Foreword Review — Fall 2012
When you read through Michael Joseph Oswald’s Your Guide to the National Parks, there’s a good chance you will have a barely-contained (or not) impulse to pack a bag and book a trip to one of the country’s fifty-eight national parks. This gem of a travel guide is one of the most comprehensive and well-crafted books of its genre on the market.
Oswald spent several years visiting and camping in all of our national parks, so the reader can be assured of an insider’s perspective. As his introduction says, “America’s 58 parks are irreplaceable treasures, yet they are our parks, preserved for our enjoyment, and if you want to experience them to their fullest, you’re going to need a good guide.”

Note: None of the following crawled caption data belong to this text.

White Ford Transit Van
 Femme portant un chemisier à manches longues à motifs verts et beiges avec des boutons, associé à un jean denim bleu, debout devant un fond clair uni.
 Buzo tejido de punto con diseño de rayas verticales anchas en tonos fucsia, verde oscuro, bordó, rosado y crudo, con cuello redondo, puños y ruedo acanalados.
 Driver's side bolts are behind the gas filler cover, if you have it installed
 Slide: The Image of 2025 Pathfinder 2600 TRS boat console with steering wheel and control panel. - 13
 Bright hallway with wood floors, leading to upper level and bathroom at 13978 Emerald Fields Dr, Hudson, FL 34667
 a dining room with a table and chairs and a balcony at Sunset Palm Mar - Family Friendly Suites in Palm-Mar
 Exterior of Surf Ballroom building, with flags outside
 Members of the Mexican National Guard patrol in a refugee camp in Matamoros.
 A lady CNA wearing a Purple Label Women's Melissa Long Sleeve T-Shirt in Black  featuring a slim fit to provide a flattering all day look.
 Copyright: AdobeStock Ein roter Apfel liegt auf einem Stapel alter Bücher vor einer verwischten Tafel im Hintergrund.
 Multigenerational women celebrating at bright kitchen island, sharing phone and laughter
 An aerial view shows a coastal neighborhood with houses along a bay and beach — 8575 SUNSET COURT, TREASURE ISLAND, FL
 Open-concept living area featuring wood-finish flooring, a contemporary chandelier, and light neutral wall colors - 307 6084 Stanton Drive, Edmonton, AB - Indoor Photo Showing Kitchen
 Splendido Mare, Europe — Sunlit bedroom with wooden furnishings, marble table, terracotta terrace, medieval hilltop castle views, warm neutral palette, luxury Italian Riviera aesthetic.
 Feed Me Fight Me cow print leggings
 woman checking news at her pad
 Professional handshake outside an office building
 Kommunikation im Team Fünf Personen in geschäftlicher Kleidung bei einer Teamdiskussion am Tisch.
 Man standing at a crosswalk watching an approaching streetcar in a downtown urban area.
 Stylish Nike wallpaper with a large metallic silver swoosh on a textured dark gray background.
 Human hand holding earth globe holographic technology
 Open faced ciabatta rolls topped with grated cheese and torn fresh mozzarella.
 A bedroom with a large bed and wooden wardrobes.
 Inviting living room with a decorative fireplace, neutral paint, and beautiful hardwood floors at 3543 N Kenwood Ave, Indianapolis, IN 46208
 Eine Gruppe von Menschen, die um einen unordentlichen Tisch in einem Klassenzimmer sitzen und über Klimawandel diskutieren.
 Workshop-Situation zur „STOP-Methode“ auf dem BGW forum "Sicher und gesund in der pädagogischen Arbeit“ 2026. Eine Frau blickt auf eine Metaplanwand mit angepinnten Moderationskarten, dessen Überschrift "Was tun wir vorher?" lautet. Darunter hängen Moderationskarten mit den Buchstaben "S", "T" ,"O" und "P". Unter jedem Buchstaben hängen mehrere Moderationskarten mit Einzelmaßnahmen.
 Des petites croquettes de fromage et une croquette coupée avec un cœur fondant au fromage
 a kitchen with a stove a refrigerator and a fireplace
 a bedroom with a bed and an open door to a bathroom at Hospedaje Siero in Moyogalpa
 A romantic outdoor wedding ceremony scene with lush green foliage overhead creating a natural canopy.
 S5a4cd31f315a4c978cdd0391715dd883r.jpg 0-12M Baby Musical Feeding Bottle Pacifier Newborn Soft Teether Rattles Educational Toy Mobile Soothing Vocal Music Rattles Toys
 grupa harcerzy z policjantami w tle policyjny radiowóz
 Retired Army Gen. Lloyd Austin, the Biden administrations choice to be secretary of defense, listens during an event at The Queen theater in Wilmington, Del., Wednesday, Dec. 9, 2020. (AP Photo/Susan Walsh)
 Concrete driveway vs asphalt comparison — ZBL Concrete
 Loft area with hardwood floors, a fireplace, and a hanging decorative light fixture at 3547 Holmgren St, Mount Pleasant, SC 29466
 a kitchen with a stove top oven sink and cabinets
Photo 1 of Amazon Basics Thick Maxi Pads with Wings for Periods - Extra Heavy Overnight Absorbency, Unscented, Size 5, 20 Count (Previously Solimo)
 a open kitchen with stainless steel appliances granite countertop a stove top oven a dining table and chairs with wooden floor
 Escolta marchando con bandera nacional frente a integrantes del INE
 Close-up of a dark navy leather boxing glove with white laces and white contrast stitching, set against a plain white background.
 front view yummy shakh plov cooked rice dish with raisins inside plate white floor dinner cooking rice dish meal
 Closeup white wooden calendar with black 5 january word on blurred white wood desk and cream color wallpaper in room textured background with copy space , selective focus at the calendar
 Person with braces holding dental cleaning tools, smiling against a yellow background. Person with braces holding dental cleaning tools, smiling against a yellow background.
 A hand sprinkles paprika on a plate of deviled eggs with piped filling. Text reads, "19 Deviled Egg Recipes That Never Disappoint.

The book is arranged by region and is easy to follow. For each park, readers will find history, directions and transportation information, maps, weather, detailed information about camping and lodging, hiking trails, and myriad activities such as backpacking, boating, rafting or paddling, horseback riding, fishing, and, occasionally, stargazing, plus the best sites for photography. Parents will appreciate the sections dedicated to children’s activities and ranger programs.
The author includes a one- to three-day vacation planner for each park, which is particularly helpful for first-time visitors and chock full of invaluable information. Equally relevant are the multiple listings at the end of each park’s description, with complete accounts of other area attractions, restaurants, annual festivals, and grocery stores.
Readers can also find some fun and intriguing facts about the parks. For example, Oswald tells us that Mesa Verde National Park in Colorado was “the first tract of land set aside to protect a prehistoric culture and its ruins, pottery, tools, and other ancient artifacts.” Did you know that General Sherman, in Sequoia National Park, is the largest known tree by volume, roughly equivalent to the size of sixteen blue whales? Or that the Great Smoky Mountains is the most visited park, with nine million annual visitors, perhaps because of the Smoky Mountains Synchronous Fireflies, a phenomenon that occurs in only one other place in the world (Southeast Asia)?
This guide offer more than just the basics, and Oswald writes well and manages to keep each of the fifty-eight chapters fresh and entertaining while making the book accessible to all: “The Badlands is a swath of semi-arid land bisected by a 60-mile rock wall with steep pinnacles and spires that used to be a daunting site to Indians, fur trappers, and homesteaders.”
One of the most helpful features is the “Best of the Best” section in the beginning of the book. Oswald lists the best scenic drives, the best trails, the best lodges, the best waterfalls, the best parks for fishing, stargazing, rock climbing, and the best parks for families and couples. (There are also a couple of “worst” lists, too, noting such deterrents as traffic and bugs.)
Interspersed throughout the guide are hundreds of photographs of spectacular wildlife and scenery that will likely inspire readers to place at least one of America’s national parks on their travel bucket lists.